In the January 2013 issue of School Nutrition, author Patrick White asked school nutrition operators and foodservice equipment vendors to share buying and selling insights unique to their respective perspectives. It’s one thing when a school nutrition operation is replacing outdated or broken-beyond-repair equipment. But are there tips to learn from directors who have outfitted an entirely new facility? Consider the advice of three directors in different parts of the country.

“With replacement equipment, I really don’t have any problem getting what we need, within the guidelines. But with new construction, we’re sometimes forced to accept equipment that really isn’t acceptable,” asserts Debbie Mobley, SNS, child nutrition director, Clarksville Montgomery County (Tenn.) Schools. Her experience certainly isn’t unique, as other directors also cite the challenges of getting the right equipment installed during new construction or major renovation projects.

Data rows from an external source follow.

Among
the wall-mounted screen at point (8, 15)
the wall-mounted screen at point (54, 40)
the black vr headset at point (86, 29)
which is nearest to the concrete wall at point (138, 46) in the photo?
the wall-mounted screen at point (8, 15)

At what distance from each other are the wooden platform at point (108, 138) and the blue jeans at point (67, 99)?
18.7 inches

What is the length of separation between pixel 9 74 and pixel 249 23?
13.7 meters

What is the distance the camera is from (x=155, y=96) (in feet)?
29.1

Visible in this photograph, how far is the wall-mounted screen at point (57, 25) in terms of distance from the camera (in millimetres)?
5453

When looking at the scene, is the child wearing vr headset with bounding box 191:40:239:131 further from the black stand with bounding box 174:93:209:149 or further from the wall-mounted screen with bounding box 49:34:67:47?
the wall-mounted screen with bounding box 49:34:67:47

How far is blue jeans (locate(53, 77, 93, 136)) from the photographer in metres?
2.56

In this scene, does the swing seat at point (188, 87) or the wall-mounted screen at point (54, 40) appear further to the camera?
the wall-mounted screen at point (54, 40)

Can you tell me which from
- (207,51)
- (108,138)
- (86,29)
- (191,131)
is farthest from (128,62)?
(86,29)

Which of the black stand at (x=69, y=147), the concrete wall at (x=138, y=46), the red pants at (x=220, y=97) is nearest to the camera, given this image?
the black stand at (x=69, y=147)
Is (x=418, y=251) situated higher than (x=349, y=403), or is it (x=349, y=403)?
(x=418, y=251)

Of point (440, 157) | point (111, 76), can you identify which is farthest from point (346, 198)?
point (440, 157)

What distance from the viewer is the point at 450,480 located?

In Mobley’s district, she has limited input into the procurement of new equipment for a brand-new site; a facility coordinator handles, among other things, all bids for new kitchen installations. This individual will award the business based on a low bid, and Mobley and her team might not even see which manufacturer was selected until the equipment is installed. Under these circumstances, not only is there the risk of ending up with unknown equipment, but there’s also the challenge of working with unknown people. “We prefer to work with an equipment company within our region, but we might end up working with one from another state, which means the service time isn’t as quick,” Mobley laments.

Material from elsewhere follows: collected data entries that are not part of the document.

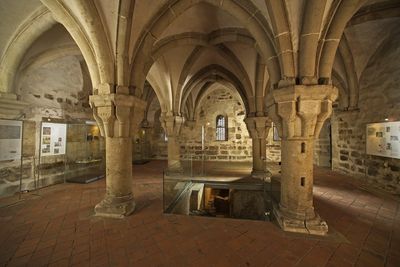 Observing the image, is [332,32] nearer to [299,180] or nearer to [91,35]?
[299,180]

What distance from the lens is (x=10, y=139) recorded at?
170 inches

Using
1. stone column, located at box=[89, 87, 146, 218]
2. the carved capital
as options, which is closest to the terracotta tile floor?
stone column, located at box=[89, 87, 146, 218]

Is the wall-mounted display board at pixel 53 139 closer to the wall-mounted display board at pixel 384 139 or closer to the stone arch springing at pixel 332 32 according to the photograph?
the stone arch springing at pixel 332 32

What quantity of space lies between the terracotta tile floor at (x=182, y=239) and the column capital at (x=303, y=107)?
5.11ft

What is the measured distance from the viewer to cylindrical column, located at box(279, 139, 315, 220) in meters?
2.79

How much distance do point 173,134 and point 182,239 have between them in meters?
4.58

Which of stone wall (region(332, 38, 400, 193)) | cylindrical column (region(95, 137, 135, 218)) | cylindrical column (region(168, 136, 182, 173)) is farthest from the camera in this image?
cylindrical column (region(168, 136, 182, 173))

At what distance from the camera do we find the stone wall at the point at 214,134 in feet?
35.1

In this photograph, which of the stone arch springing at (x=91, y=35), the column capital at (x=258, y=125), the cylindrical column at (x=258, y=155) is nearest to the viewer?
the stone arch springing at (x=91, y=35)

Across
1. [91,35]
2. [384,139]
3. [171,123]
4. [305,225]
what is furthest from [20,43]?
[384,139]

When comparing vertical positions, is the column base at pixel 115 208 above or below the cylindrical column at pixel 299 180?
below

Connie Little, SNS, student nutrition supervisor, Beavercreek City (Ohio) Schools, agrees that the general process for managing new construction and major renovation projects can make it harder for school nutrition directors to get the equipment they want—and sometimes frustrated by with what they are “stuck” with. “For example, we did a renovation at one of our high schools, and we had a combi oven in there that was giving us all sorts of problems—it was down all the time and parts were very expensive,” she recalls.

Fortunately, she had some opportunity to challenge the powers that be when it came to the next project. When the architect was pushing for the district to install an additional combi oven of the same troublesome model, “We explained the problems we were having with it and how it was hampering us. We told the architect exactly what we needed and stuck to our guns,” explains Little, who says she listened to her staff and supported the equipment array that they thought would work best for the operation: two steamers and four double-decker convection ovens. It provided to be a successful combination, she reports. “The staff in that school is thrilled. You have to listen to your people,” she emphasizes.

In Oklahoma’s Mid-Del Public Schools, Child Nutrition Director Kevin Ponce, SNS, echoes the frustrations voiced by Mobley and Little. He acknowledges that new construction kitchens can pose the biggest challenge, because there are additional parties involved in the equipment procurement process. At press time, his district was planning construction of two new schools and two major renovations. His plan is to develop a relationship with the architect and the person who is handling the equipment procurement, he explains. “I have my own personal preferences [for equipment], and I’ve asked our staff in the kitchens about what they need, because they’re the ones who will be using it. I’ll take that information to the architect and explain, ‘This is what we want, so make sure you spec that.’”

Sometimes, though, an “alternative spec” is used to select the equipment. “I think it’s just a standard set of equipment that they plug in—maybe it’s cheaper or whatever,” muses Ponce in frustration. “They’re just looking at the specs on the equipment; they’re not considering the operation of it.”